─── INFORMATION SUPPLIED ───

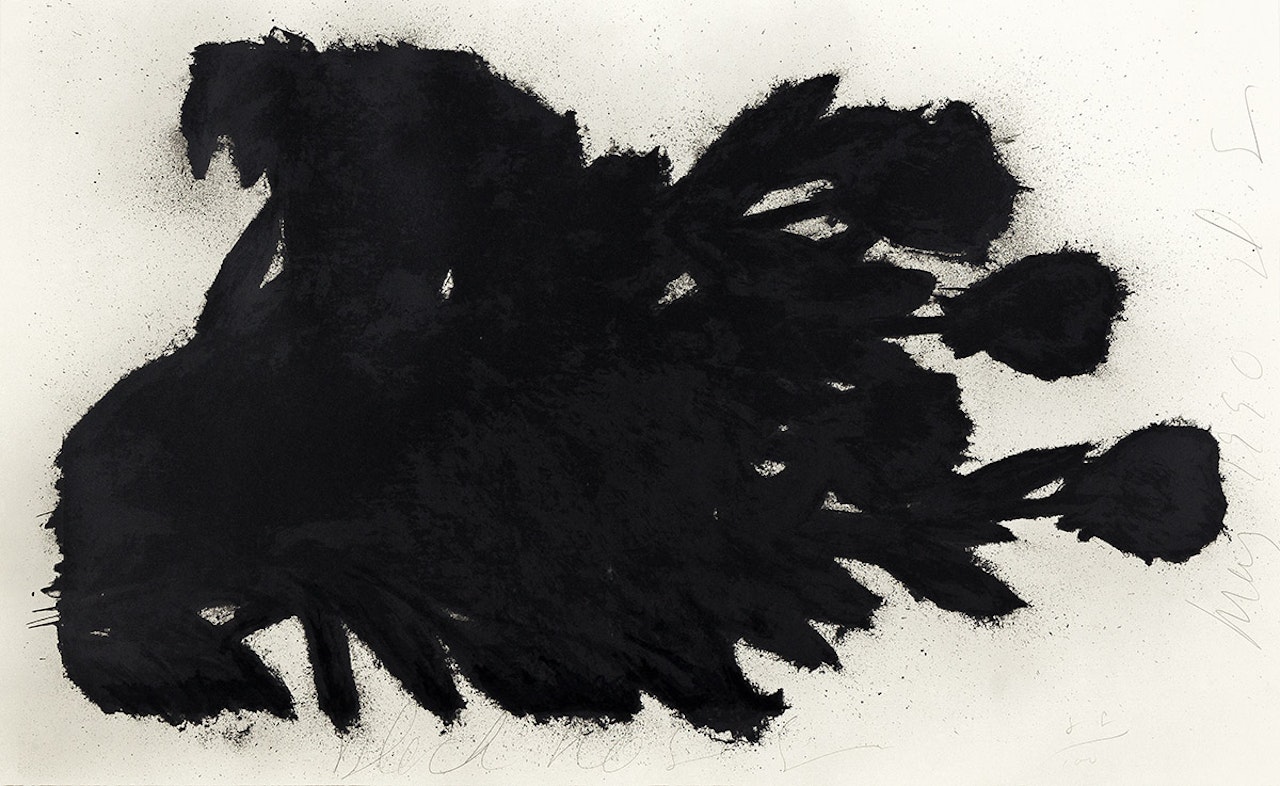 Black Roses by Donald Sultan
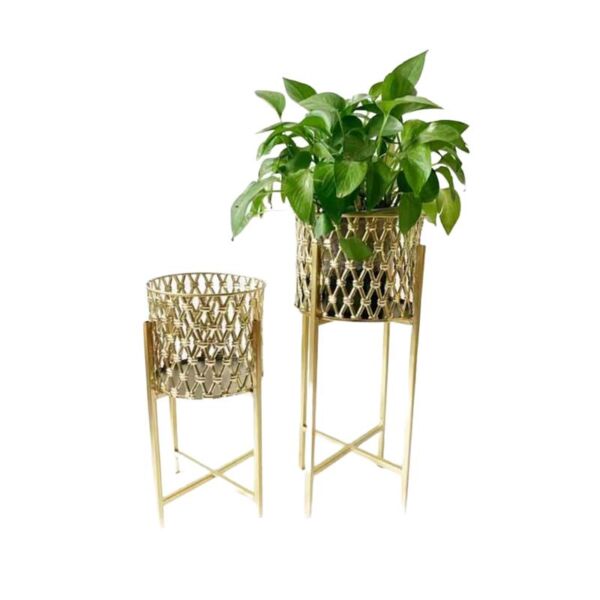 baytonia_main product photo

───
─── INFORMATION SUPPLIED ───

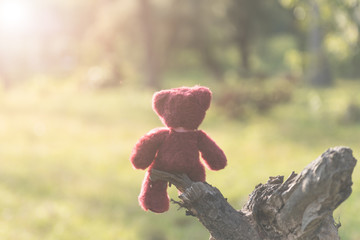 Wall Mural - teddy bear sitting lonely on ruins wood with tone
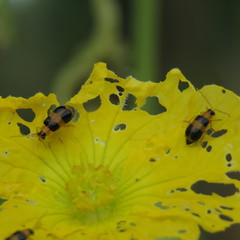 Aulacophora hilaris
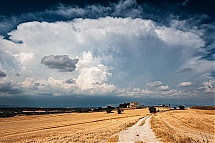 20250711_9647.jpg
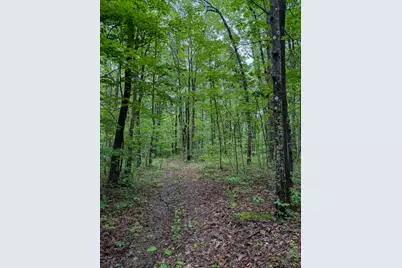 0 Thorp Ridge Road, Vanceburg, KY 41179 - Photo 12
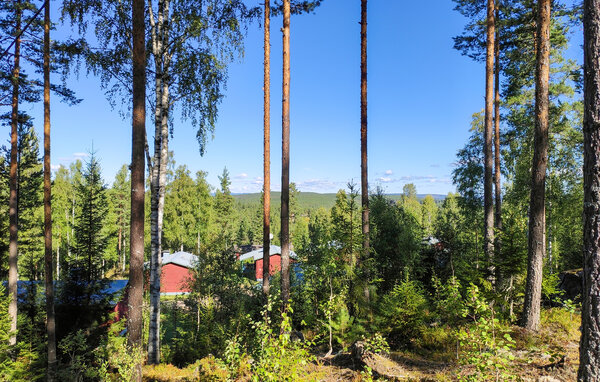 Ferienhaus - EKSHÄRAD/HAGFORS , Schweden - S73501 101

───

Using the data above, print only the lines starting at the one with "20250711_9647.jpg" and ending at the one with "Ferienhaus - EKSHÄRAD/HAGFORS", exactly as they stand, minus the pictures.

 20250711_9647.jpg
 0 Thorp Ridge Road, Vanceburg, KY 41179 - Photo 12
 Ferienhaus - EKSHÄRAD/HAGFORS , Schweden - S73501 101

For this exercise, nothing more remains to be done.